### Work item
Take the records below from their first line to the line with "Đường huyết mạch", and restate those lines word for word.

Stored dataset items
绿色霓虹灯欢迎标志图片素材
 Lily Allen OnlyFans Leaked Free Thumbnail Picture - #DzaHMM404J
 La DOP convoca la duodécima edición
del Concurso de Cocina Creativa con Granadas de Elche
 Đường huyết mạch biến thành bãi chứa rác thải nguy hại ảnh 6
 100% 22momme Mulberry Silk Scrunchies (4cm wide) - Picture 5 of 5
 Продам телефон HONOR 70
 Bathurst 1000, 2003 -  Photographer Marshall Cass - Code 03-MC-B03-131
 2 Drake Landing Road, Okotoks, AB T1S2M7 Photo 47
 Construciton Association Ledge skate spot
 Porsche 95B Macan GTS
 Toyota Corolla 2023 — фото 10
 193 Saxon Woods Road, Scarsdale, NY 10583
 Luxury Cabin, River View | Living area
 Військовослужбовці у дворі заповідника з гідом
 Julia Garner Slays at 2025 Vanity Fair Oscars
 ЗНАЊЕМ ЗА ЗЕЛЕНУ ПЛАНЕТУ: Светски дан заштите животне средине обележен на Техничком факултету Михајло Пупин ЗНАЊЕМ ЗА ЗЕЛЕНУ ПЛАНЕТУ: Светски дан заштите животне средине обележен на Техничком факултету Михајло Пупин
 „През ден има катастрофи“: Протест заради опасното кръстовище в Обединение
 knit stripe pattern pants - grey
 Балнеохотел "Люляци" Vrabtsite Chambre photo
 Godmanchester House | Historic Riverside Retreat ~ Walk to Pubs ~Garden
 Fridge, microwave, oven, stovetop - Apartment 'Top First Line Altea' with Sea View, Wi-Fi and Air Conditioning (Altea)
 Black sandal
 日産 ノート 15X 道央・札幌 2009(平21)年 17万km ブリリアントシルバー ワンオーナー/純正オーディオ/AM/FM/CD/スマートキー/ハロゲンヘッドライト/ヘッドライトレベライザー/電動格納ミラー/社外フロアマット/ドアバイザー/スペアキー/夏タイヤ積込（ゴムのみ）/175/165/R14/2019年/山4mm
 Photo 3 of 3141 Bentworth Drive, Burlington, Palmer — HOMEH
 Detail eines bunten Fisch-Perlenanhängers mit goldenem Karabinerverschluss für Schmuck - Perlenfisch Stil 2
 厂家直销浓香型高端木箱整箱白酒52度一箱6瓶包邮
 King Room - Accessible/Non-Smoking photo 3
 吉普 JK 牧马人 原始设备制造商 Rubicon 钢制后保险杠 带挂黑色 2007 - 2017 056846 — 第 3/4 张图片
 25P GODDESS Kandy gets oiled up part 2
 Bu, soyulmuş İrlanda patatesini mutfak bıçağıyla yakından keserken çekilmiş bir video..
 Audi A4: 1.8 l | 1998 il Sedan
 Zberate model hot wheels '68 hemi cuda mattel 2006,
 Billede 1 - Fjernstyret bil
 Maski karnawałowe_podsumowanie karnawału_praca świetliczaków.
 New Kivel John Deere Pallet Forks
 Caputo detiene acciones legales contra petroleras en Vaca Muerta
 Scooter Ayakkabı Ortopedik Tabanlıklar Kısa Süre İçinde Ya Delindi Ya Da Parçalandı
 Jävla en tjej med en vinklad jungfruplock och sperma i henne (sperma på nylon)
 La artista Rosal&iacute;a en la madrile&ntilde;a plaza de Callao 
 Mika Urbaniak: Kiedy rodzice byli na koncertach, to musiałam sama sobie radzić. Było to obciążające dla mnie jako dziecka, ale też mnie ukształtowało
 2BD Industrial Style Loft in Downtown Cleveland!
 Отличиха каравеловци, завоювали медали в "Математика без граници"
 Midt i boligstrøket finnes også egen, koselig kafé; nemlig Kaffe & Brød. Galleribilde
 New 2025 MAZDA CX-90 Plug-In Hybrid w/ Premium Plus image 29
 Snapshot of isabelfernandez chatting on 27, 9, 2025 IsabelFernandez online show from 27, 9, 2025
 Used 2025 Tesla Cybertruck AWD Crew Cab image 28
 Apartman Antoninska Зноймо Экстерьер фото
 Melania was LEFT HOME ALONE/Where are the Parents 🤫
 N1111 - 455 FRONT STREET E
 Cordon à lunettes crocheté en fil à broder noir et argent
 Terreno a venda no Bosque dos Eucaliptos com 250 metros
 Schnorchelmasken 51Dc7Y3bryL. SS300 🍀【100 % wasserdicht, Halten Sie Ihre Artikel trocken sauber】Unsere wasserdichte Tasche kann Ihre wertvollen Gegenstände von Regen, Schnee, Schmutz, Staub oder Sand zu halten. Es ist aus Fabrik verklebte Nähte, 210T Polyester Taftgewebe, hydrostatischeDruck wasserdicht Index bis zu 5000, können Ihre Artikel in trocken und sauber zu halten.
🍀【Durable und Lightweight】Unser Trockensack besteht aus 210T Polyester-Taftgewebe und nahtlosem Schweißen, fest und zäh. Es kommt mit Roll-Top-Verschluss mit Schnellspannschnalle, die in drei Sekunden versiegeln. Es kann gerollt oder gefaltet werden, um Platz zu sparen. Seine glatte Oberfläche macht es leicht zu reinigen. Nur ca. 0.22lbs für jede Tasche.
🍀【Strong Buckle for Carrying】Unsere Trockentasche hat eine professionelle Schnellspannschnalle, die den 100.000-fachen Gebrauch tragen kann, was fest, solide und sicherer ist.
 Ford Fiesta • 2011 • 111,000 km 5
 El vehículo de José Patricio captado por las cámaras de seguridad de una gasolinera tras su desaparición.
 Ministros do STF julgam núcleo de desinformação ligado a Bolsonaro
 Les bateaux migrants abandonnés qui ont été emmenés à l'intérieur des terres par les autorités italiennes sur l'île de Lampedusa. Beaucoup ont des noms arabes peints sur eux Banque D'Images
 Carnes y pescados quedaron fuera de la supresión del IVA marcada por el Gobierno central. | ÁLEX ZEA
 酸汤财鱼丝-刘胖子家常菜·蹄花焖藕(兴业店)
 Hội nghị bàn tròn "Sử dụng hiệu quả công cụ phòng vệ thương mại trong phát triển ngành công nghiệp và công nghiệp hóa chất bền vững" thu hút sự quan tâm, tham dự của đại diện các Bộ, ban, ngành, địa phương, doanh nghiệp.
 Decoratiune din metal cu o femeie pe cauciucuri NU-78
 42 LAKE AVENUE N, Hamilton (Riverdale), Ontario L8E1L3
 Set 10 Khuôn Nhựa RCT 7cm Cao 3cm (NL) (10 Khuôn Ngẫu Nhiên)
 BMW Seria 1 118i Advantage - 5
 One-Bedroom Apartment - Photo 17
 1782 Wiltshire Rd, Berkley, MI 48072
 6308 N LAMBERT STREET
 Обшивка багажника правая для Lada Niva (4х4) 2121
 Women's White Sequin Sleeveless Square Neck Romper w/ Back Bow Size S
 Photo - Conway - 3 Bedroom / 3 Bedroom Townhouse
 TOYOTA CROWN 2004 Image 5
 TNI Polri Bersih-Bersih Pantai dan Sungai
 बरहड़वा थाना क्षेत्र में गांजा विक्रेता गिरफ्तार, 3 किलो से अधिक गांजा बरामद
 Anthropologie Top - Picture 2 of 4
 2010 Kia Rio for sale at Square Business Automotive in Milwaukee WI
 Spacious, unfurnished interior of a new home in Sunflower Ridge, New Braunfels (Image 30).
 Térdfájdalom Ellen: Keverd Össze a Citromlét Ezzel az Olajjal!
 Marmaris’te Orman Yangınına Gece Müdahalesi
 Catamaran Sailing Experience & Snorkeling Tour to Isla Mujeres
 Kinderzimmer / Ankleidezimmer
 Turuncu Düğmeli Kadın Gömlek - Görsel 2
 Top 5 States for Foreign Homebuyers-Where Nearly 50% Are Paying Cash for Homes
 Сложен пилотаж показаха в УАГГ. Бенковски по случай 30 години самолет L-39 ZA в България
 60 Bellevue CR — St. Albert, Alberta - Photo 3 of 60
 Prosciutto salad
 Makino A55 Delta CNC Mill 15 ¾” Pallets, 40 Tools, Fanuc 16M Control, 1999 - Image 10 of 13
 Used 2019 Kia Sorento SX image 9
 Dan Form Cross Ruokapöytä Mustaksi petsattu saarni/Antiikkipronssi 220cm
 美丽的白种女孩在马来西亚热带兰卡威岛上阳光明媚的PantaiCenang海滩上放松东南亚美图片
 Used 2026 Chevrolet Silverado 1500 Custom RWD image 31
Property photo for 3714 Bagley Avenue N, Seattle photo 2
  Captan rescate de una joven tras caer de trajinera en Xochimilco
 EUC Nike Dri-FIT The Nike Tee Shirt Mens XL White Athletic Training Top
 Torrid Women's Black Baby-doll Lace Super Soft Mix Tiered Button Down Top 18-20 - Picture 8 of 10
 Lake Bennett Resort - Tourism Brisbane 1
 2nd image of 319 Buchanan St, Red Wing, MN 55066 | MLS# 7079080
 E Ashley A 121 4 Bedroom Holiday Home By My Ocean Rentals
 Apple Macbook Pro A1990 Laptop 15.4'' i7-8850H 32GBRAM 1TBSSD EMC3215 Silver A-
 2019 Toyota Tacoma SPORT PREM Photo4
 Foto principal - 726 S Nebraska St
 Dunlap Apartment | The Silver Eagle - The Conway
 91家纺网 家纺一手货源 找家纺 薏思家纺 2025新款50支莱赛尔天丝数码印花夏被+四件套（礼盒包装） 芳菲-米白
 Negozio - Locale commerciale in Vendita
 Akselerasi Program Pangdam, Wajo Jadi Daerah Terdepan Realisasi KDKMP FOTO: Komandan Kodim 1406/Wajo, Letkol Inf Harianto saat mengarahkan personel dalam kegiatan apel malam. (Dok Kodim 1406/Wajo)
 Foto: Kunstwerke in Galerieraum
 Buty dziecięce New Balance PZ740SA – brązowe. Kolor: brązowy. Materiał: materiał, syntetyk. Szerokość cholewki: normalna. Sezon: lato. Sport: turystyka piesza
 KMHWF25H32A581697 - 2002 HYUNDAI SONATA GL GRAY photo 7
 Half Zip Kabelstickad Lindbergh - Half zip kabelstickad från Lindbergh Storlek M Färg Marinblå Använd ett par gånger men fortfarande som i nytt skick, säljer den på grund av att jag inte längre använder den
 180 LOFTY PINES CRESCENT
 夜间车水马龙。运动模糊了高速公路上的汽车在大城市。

### The completed task
绿色霓虹灯欢迎标志图片素材
 Lily Allen OnlyFans Leaked Free Thumbnail Picture - #DzaHMM404J
 La DOP convoca la duodécima edición
del Concurso de Cocina Creativa con Granadas de Elche
 Đường huyết mạch biến thành bãi chứa rác thải nguy hại ảnh 6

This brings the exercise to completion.